カメラの焦点距離とは,(ピントを合わせた時の)レンズから撮像素子までの距離のこと.カメラレンズには,焦点距離を変えることのできるレンズと,焦点距離を変えることのできない2種類のレンズが存在します.
この記事では「ズームレンズ」と「単焦点レンズ」の違いについて解説します.
ズームレンズと単焦点レンズの違い
焦点距離を変えるためのズーム機能があるカメラレンズのことを,「ズームレンズ」と呼びます.逆に,一定の焦点距離でしか撮影できないレンズのことを「単焦点レンズ」と呼びます.
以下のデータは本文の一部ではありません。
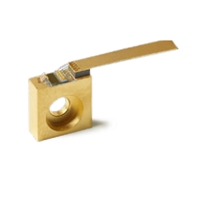 Laser Diode
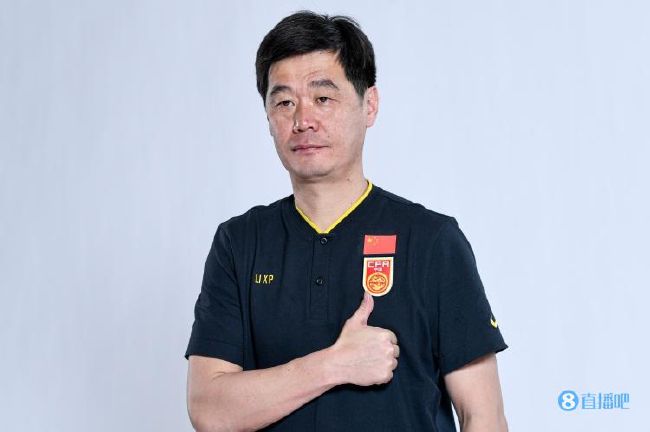 九月丁香婷婷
カメラをはじめる時に多くの人が購入する,レンズキットには「ズームレンズ」が同梱されているので,カメラ初心者にとってはズームレンズのほうが馴染みが深いと思います.僕も最近カメラにハマるまでは,ズーム機能が無いレンズがあることすら知りませんでした.
一般的に,カメラを構えた位置のままズームして構図(被写体の大きさ)を調整することができるズームレンズのほうが便利です.しかし,便利なズームレンズにも欠点はいくつかあり,単焦点レンズが優れている面もあります.
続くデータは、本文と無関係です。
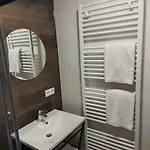 De L'empereur Hotel 3*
ズームレンズは焦点距離を変えるためのズーム機構が必要なため,レンズが大きく・重たくなる傾向にあります.また,機構が複雑になるのでF値が低い明るいレンズを開発するには高い技術が必要とされています.そのため,ズームレンズで明るいレンズは高額になりがちです.
逆に,単焦点レンズはシンプルな設計でつくることができるというメリットがあるので,F値の低い明るいレンズを比較的安価に購入することが可能です.また一般的には,描写が美しさも単焦点レンズの方が優れています.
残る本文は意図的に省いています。